A First Look at Our CausalLM Omni Model: Previewing Our Intermediate Checkpoint to Partners
We are pleased to announce that an intermediate preview checkpoint of our CausalLM Omni model is now available to our strategic partners. This release constitutes an intermediate checkpoint of our ongoing pre-training phase, intended for partner evaluation while we continue the full training run toward a broader official release.
UNIFIED MULTIMODAL UNDERSTANDING AND GENERATION
Built upon a highly optimized, standard Noam, Llama, and Qwen2-style foundational architecture, our 10-billion parameter dense model fundamentally reimagines how different data modalities are ingested and processed.
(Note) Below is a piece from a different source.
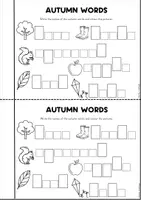 Vorschau - Arbeitsblätter - My Autumn Mini Booklet | Vocabulary #herbstbeieduki - Seite 3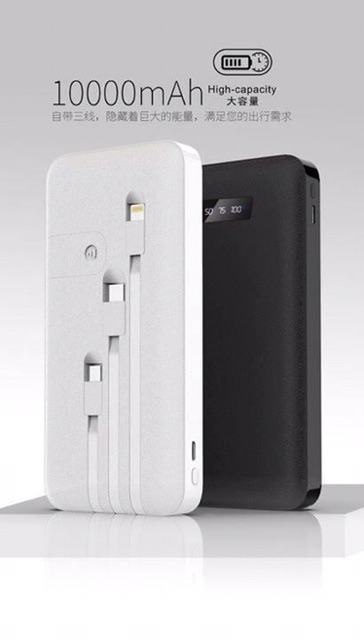 Sạc dự phòng BYZ W10 10.000mah (màu trắng)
It natively supports the unified understanding and generation of discrete images utilizing 16x and 32x compression rates, alongside discrete speech at an ultra-efficient 12.5Hz.
Unlike legacy MLLM systems that bolt disparate, modality-specific models together through complex bridging mechanisms, we designed CausalLM Omni to handle these diverse inputs and outputs as a single, continuous stream of one-dimensional tokens. For generative tasks spanning text, vision, and audio, our model generates an autoregressive output of semantic tokens. We subsequently decode these tokens utilizing advanced flow matching techniques, resulting in high-fidelity image and speech generation. This unified 1D token approach eliminates traditional cross-modal bottlenecks and preserves deep semantic alignment across all data types.
INNOVATIVE TRAINING PARADIGM AND SYNTHETIC DATA
This preview checkpoint represents an intermediate Base model that we have subjected to Supervised Fine-Tuning, transforming it into a highly capable Instruct model ready for complex partner deployments. We trained the Base model on a rigorous, high-density corpus of one trillion native, discrete multimodal mixed tokens. In a significant departure from traditional internet data scraping dependencies, we trained this model entirely on fully synthetic and distilled data. We curated this dataset to incorporate high-quality teacher logits distilled directly from leading open-source models, ensuring premium reasoning capabilities, reduced hallucination rates, and exceptional knowledge density.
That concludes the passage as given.